Congress is likely to ratify — possibly this year — the Great Lakes Compact, an agreement among the eight Great Lakes states — including New York — that bans most water diversions, the lawmakers said.This region -- a/k/a "The Rust Belt" -- has lost many people and jobs to other parts of the country in warmer climes. And it is those fast-growing "other parts of the country" that now find themselves running out of water.
Lawmakers said they think the compact is hugely important because the demand for fresh water is expected to grow exponentially in the coming years — and the Great Lakes possesses a fifth of the world’s surface fresh water.
“We all see what’s happened with oil,” said Rep. Vern Ehlers, R-Mich. “The same thing is likely to happen with water— but it’s likely to be worse.”
Without the protections provided by the compact, drier states might try to strike deals to extract the lakes’ waters, said Sen. George Voinovich, R-Ohio.
“They’ve been stealing our jobs, which led me to ask: Are they going to steal our water, too?” Voinovich asked.
At some point, people and jobs just may come back here to be near this supply of water. . . .

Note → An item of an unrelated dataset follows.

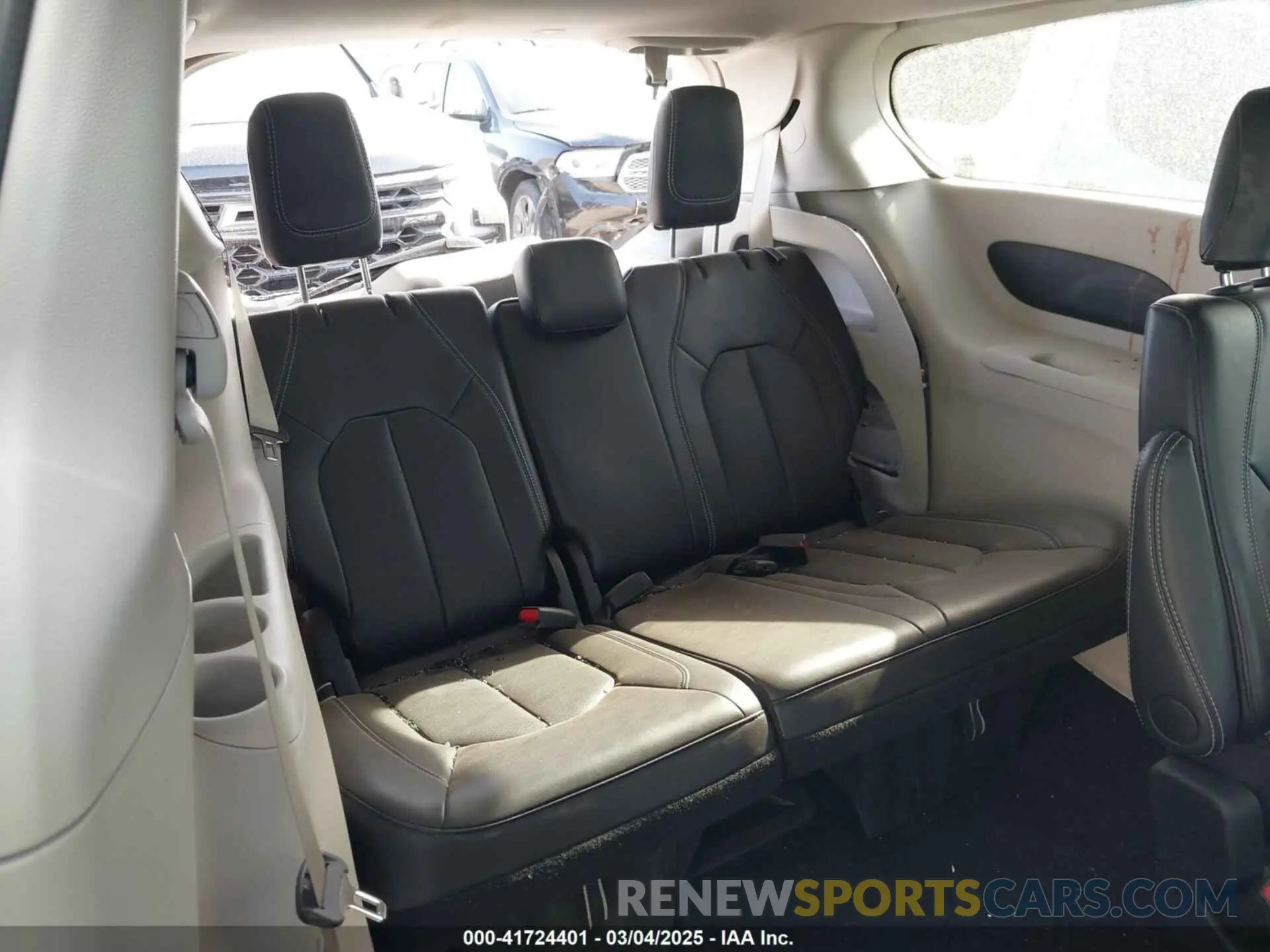 17 fotografías del automóvil dañado 2C4RC1BG5RR179668 CHRYSLER PACIFICA 2024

There is a caution, however, that our Oneida-Herkimer County officials need to be concerned about:
Western Oneida County is in the Great Lakes Basin, and would still be able to tap abundant Great Lakes water if needed (part of the County already does). Eastern Oneida County, including Greater Utica, and Herkimer County, are out of the basin, and would not be permitted to draw upon Great Lakes water.
The Great Lakes Compact makes it even more imperative that the Mohawk Valley Water Authority's expansion plans for Verona (in the Great Lakes basin) be denied. Verona will continue to have access to an almost endless supply; Greater Utica and Herkimer County will not.
With that in mind, good sense would dictate that resources east of the Great Lakes Basin be reserved for users east of the Great Lakes Basin.